Data items:
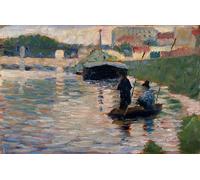 ARTXLXXBN Célèbre Tableaux Sur Toile Moderne Mur Art Vue de la Seine par Georges Pierre Seurat Animaux Art Posters Pour la Décoration de la Chambre à Coucher 60x90cm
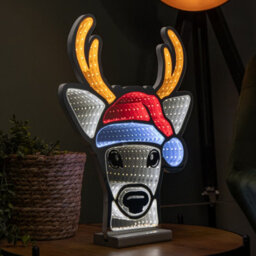 Samuel Alexander 40Cm Light Up Christmas Deer Head In Santa Hat Infinity Decoration With Leds - thumbnail 3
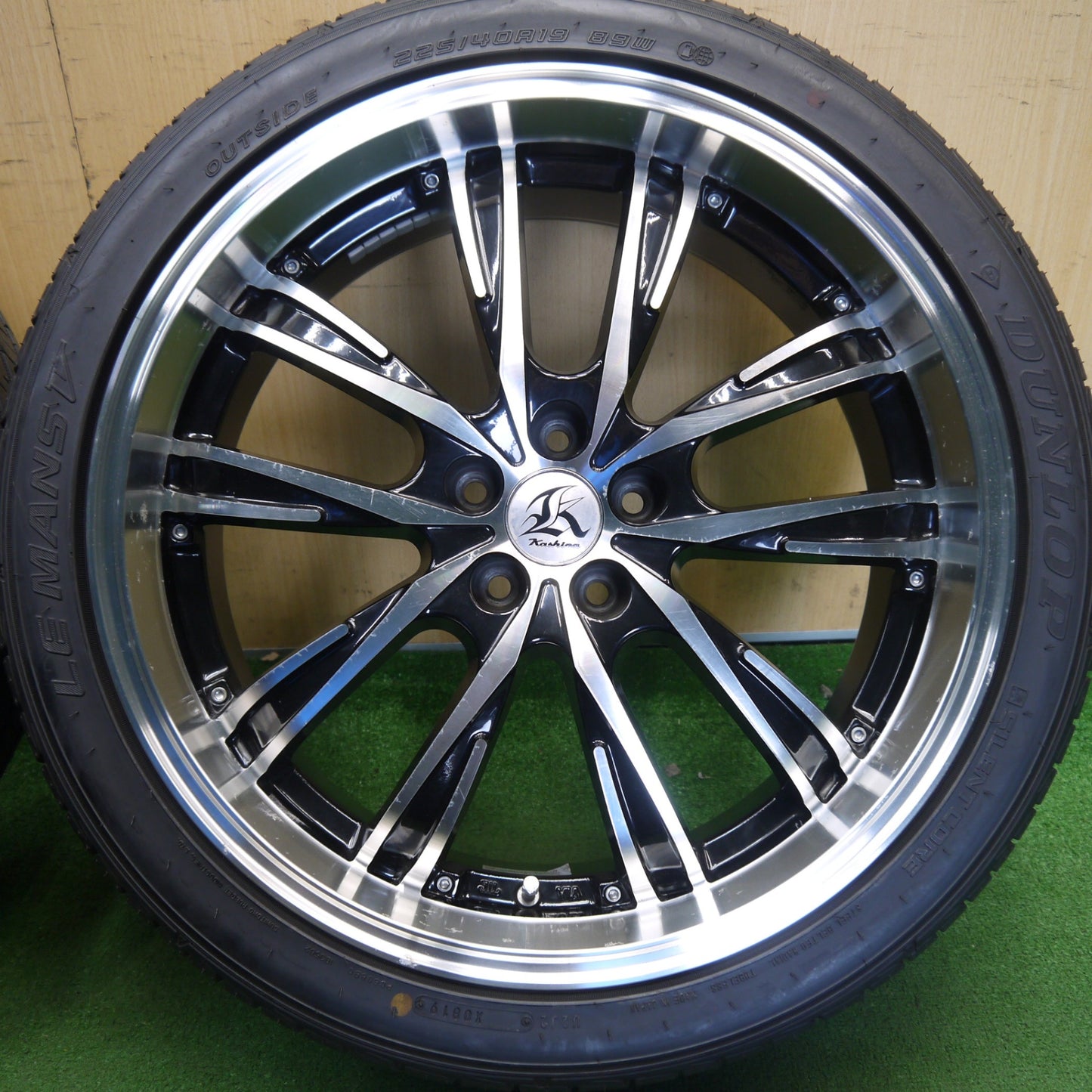 バリ溝！9.5分★プリウス 等 Kashina XV5 225/40R19 ダンロップ LE MANS V カシーナ 19インチ PCD100/5H★6050819Hノ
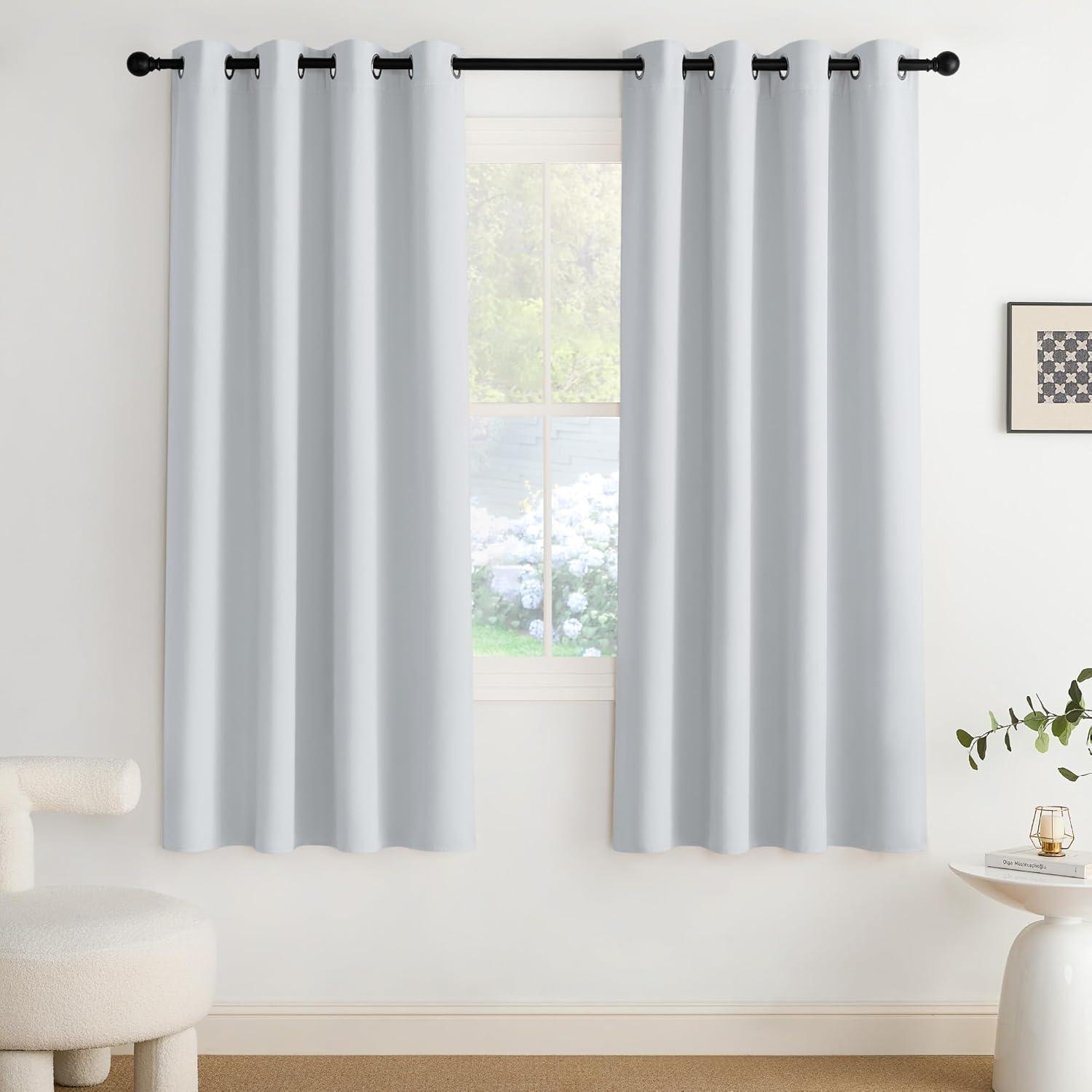 imageNICETOWN Navy Blue Blackout Panels 63 Inches Long  Grommet Thermal Insulated Shades for Living Room Yard Kids Room Laundry Pantry  1 Pair W52 x L63Greyish White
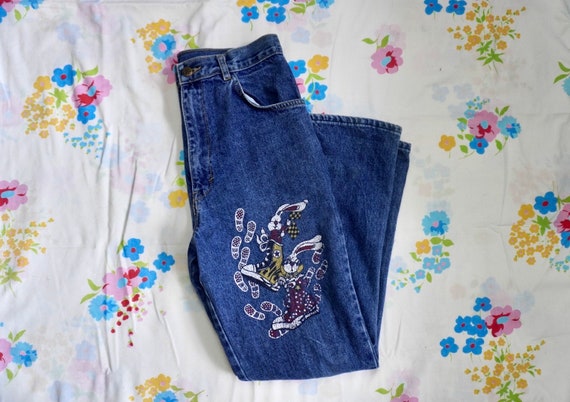 1970s painted jeans | 1970s jeans | 70s jeans | v… - image 1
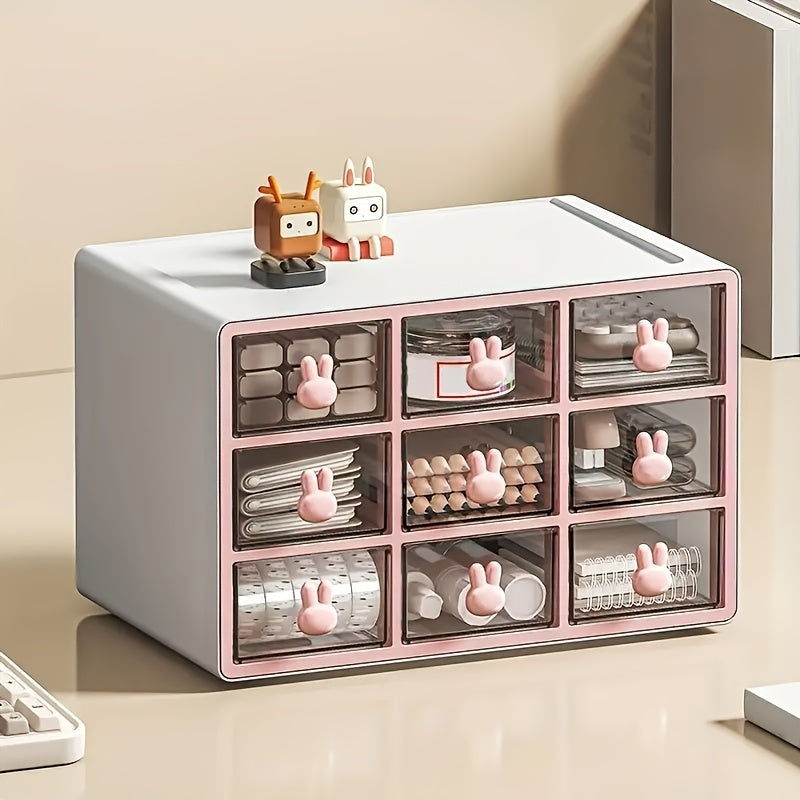 Plastic Cartoon Storage Box Desktop Organizer Nine Grids Keep Desk Tidy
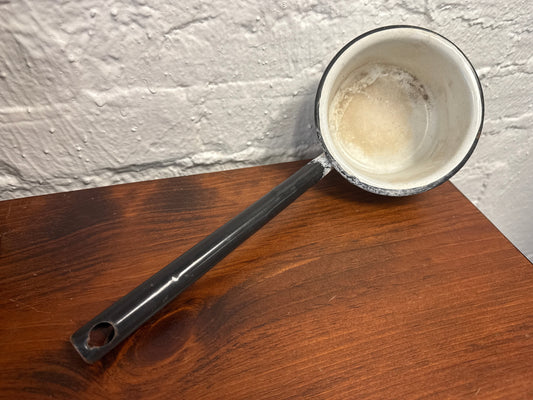 Vintage Black & White Enamelware Ladle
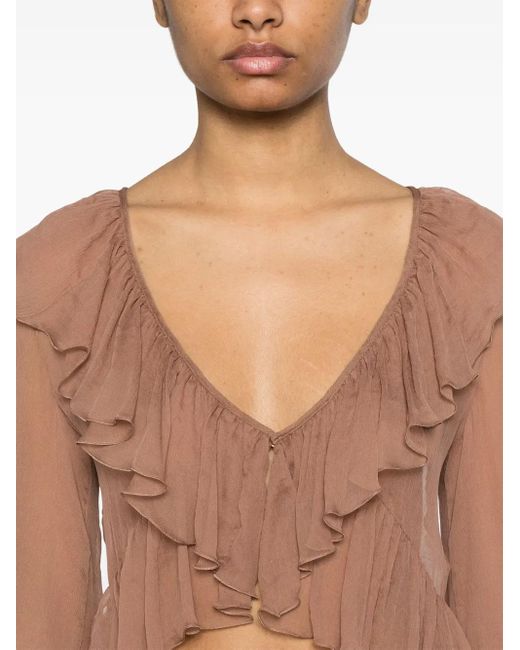 Blusa Con Ruches di Blumarine in Brown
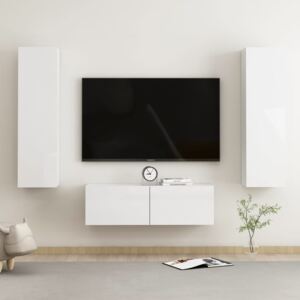 VidaXL 3-dijelni set TV ormarića visoki sjaj bijeli od iverice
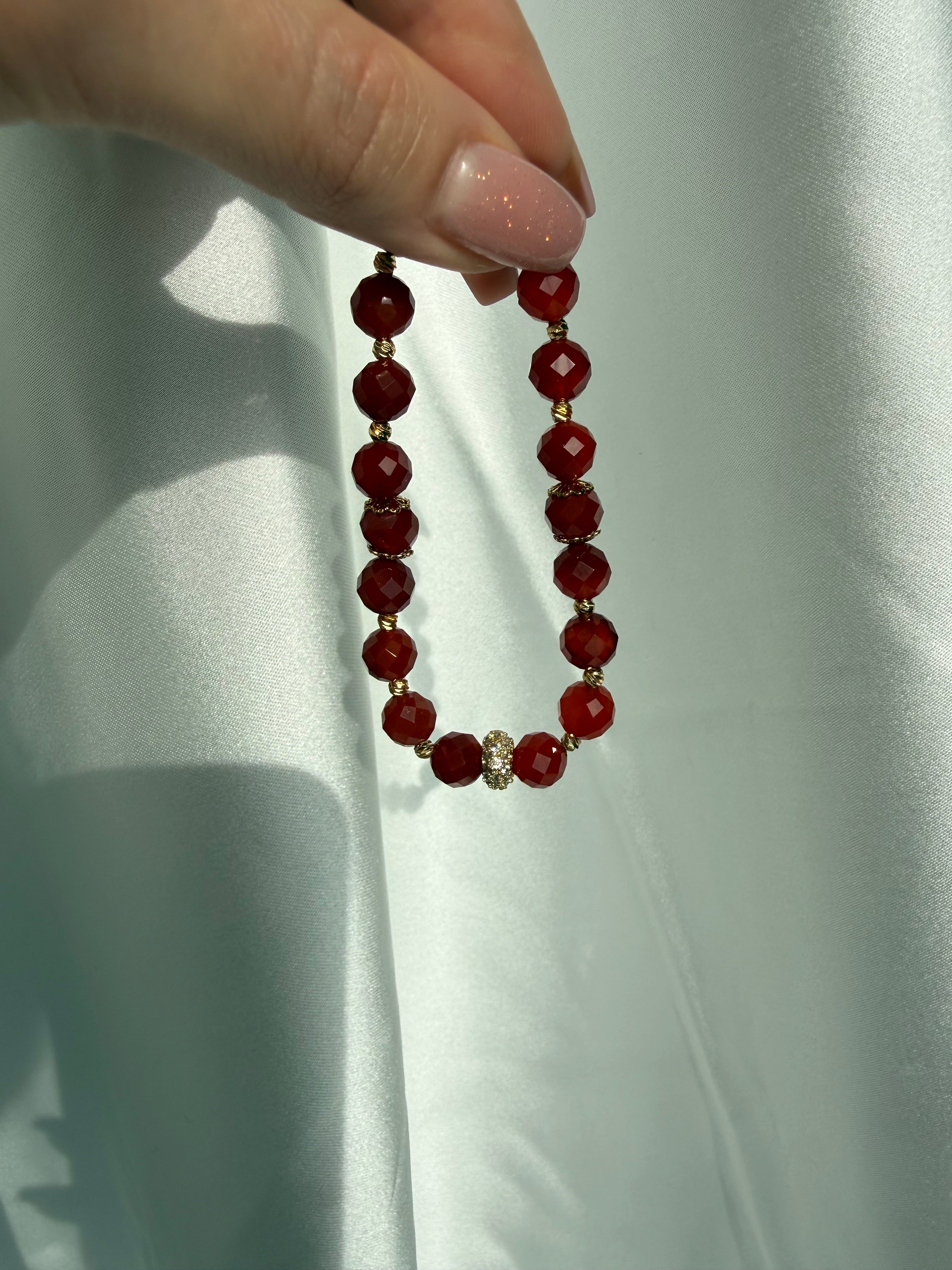 Karnelyan Akik Lastikli Bileklik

TASK DETAILS:
Using the records above, print exactly the lines between the ones containing "1970s painted jeans" and "Blusa Con Ruches di Blumarine in Brown", inclusive, and nothing else; no pictures.

SOLUTION BELOW:
 1970s painted jeans | 1970s jeans | 70s jeans | v… - image 1
 Plastic Cartoon Storage Box Desktop Organizer Nine Grids Keep Desk Tidy
 Vintage Black & White Enamelware Ladle
 Blusa Con Ruches di Blumarine in Brown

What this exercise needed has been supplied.